TASK TO COMPLETE: Write the records below out in full, character for character, with no pictures.

MATERIAL FOR THIS EXERCISE:
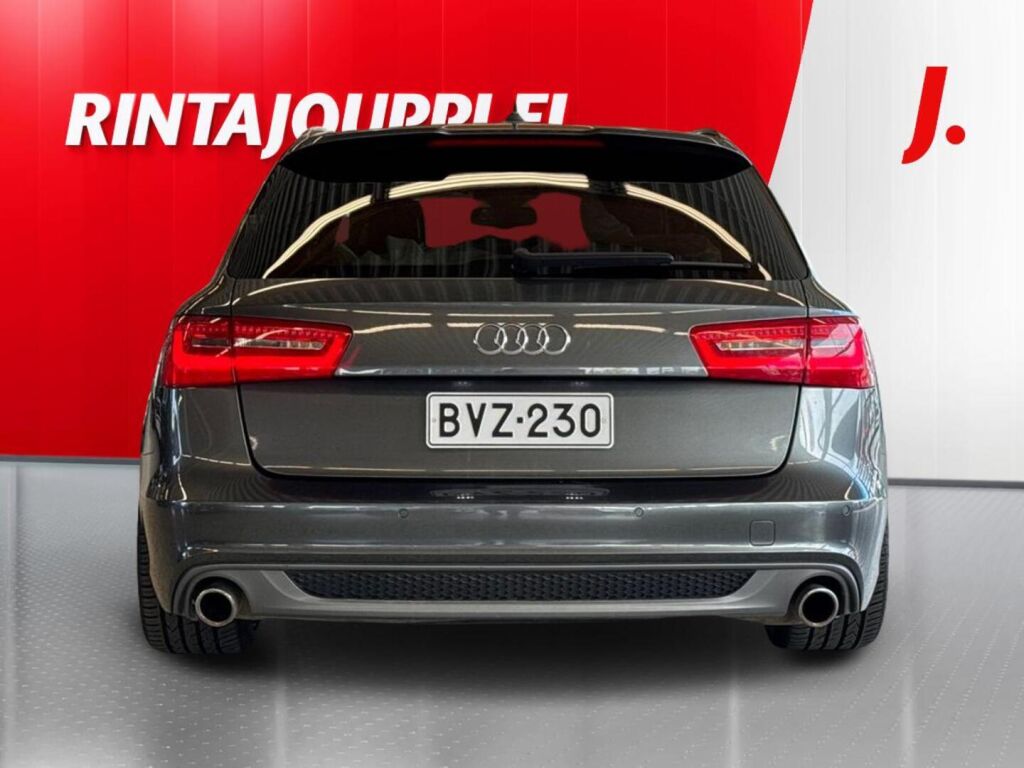 Audi A6 2012 Harmaa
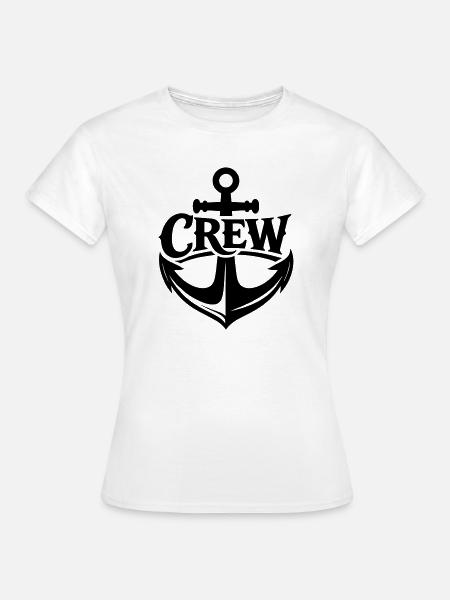 Ship's crew - Women's T-Shirt - white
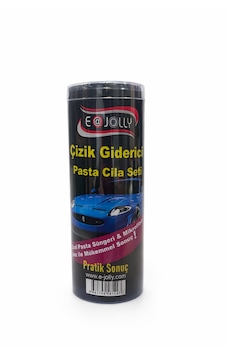 E-jolly Çizik  Pasta Cila Seti Sünger Ve Mikrofiber Bezli, Pratik Uygulama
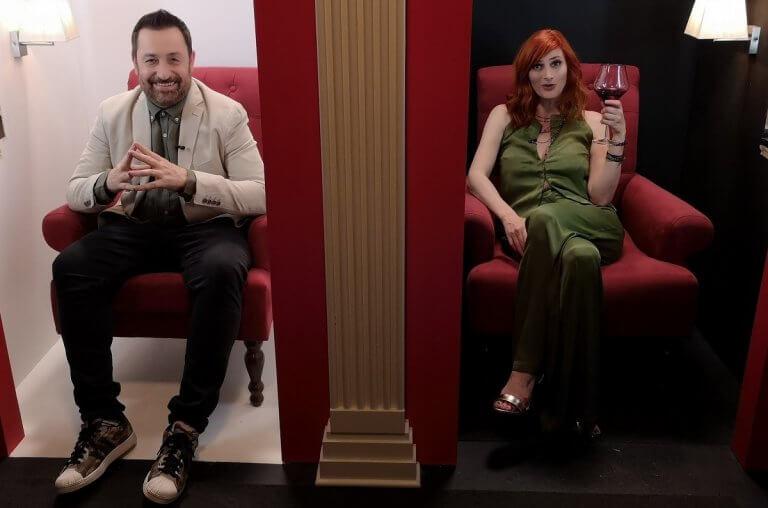 Μαρία Κωνσταντάκη: Δείτε την απολαυστική της εξομολόγηση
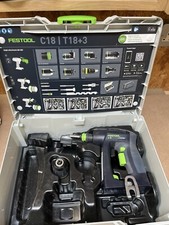 Festool c18 basic for sale  REDCAR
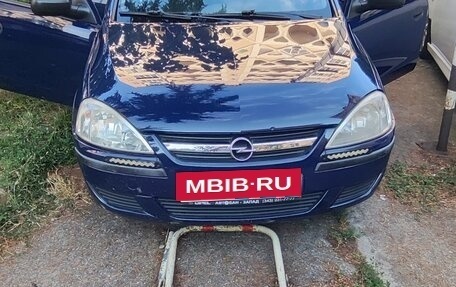 Opel Corsa C рестайлинг, 2004 год, 250 000 рублей, 5 фотография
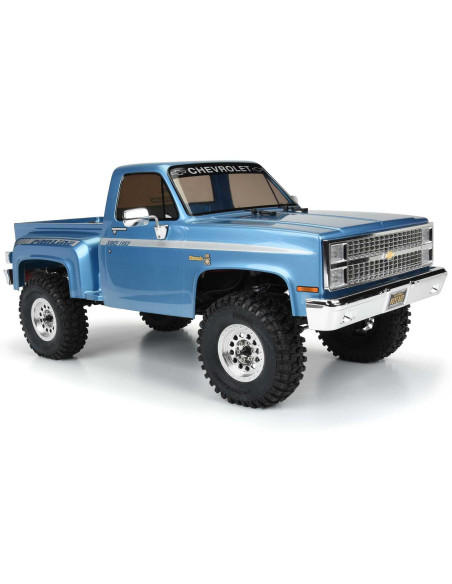 1/10 SCX10 III Pro-Line 1982 Chevy K10 4WD Rock Crawler Brushed RTR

REPLY:
 Audi A6 2012 Harmaa
 Ship's crew - Women's T-Shirt - white
 E-jolly Çizik  Pasta Cila Seti Sünger Ve Mikrofiber Bezli, Pratik Uygulama
 Μαρία Κωνσταντάκη: Δείτε την απολαυστική της εξομολόγηση
 Festool c18 basic for sale  REDCAR
 Opel Corsa C рестайлинг, 2004 год, 250 000 рублей, 5 фотография
 1/10 SCX10 III Pro-Line 1982 Chevy K10 4WD Rock Crawler Brushed RTR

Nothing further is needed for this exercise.